Layers of meaning
The art I normally make consists of layers of photography, drawing and paint. Sometimes the photographs are digitally altered using Photoshop, sometimes they are not. Sometimes these photographs are printed or transferred to a surface whole and then paint, pen or pencil applied to these surfaces afterwards. Other times, the photographs may be torn up and applied to the surface like a collage, with deliberate gaps and abrasions upon the surface. Then when I paint or draw upon the work, these gaps and abrasions become an important component. Either way, my art consists of layers whether it be digital, photographic, collage, painting or drawing.
These layers play an important role in that they act as a kind of veiled curtain where there is no clarity. This allows for my imagination to step in and fill in the gaps. The uncertainty and incompleteness provides a springboard for all sorts of possibilities to develop. It is very much like staring into the clouds and seeing an ever-changing mural in the sky full of faces, animals, objects and places.

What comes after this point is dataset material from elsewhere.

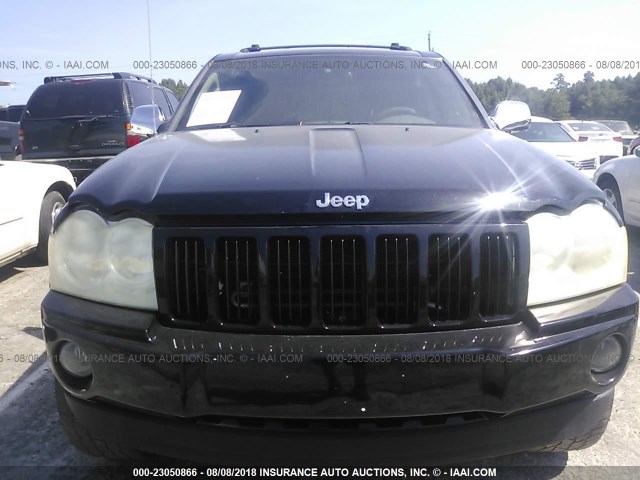 1J4HR48N35C713474 - 2005 JEEP GRAND CHEROKEE LAREDO/COLUMBIA/FREEDOM BLACK photo 6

I have been well aware for many years, that this openness and temporality is critical to help me develop my ideas. However I have been keen to try this approach with using just paint and the immediacy of the environment around me to see what sort of effect this might have on my practice.
I am carrying on focusing on buildings and interiors, observing the the piecemeal view we have in our daily existence, those bits we can see out of the corner of our eye, the suggestions of objects that remain unformed, the spaces within spaces, the ceiling, floors, surfaces, furniture, shapes, colours and textures. The recording of these things with paint is deliberately not accurate. I’m not trying to duplicate the environment but rather use the suggestion of what is around me in combination with paint to evoke alternative places and something other.
The paintings displayed are examples of my latest endeavours.